On a street in Kaohsiung City, many houses of varying heights are lined up neatly in a row.
For two houses, A and B, if the heights of all other houses between houses A and B do not exceed the heights of houses A and B, then a person standing on house A can see house B.
As shown in the diagram, there are five houses from left to right, with heights of 5, 2, 3, 4, and 4, respectively. When standing on the rightmost house, since the height of this house is 4, and all the other houses between it and the leftmost house (with a height of 5) have heights (2, 3, 4) that do not exceed the height of the house you are on (4) and the leftmost house (5), you can see the leftmost house. Similarly, you can also see the second house from the right.

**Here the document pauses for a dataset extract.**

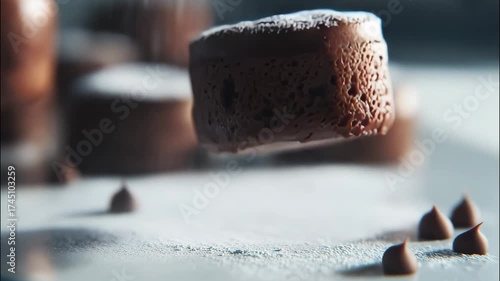 Close-up of rich chocolate lava cake dusted with powdered sugar on plate with chocolate chips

Given the heights of all the houses on the street from left to right, with N houses, calculate the total number of other houses that a person standing on the k-th house can see, denoted as Ck. You need to find the sum C1+C2+⋯+CN.
Sample Inputs/Outputs
| Sample Input(s) | Sample Output(s) |
|---|---|
| The test data input consists of only two lines.
The first line contains a positive integer N, indicating that there are N houses on the street. The second line contains N positive integers (H1, H2, …, HN), representing the height of each house from left to right. | Output a single line containing one integer, which represents the total number of other houses that each house can see, i.e., the sum C1+C2+⋯+CN. |
| 2 1 1 | 2 |
| 3 1 2 3 | 4 |
| 5 5 2 3 4 4 | 14 |
Thought Process
This problem requires using long long int to store data.

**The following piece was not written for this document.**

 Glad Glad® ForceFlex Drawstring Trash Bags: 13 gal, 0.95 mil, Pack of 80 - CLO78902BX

Declare an array of pair, which will serve as a temporary storage area. The principle of viewing from left to right and right to left is the same. This temporary storage area will be referred to as "Box".
Each time you reach a building, check if there is data in the Box. If there is no data, push the current building's height into the Box. Since the array's data type is Pair, the first field stores the building height, and the second field stores how many consecutive buildings have this height. If there is already data in the Box, run a while loop. In each iteration of the loop, focus on the last piece of data in the Box, referred to as Last. If Last is greater than the current building height, it means you can no longer move forward, so increment ans++ and break the while loop. If Last is less than the current building height, add Last.second to ans, which represents the number of buildings with this height, and then pop the Box. If Last is equal to the current building height, first add Last.second to ans, then increment Last.second. Also, if there is other data in the Box, increment ans++. In the case of equality, you do not need to push the current building height into the Box; in all other cases, you should push it back.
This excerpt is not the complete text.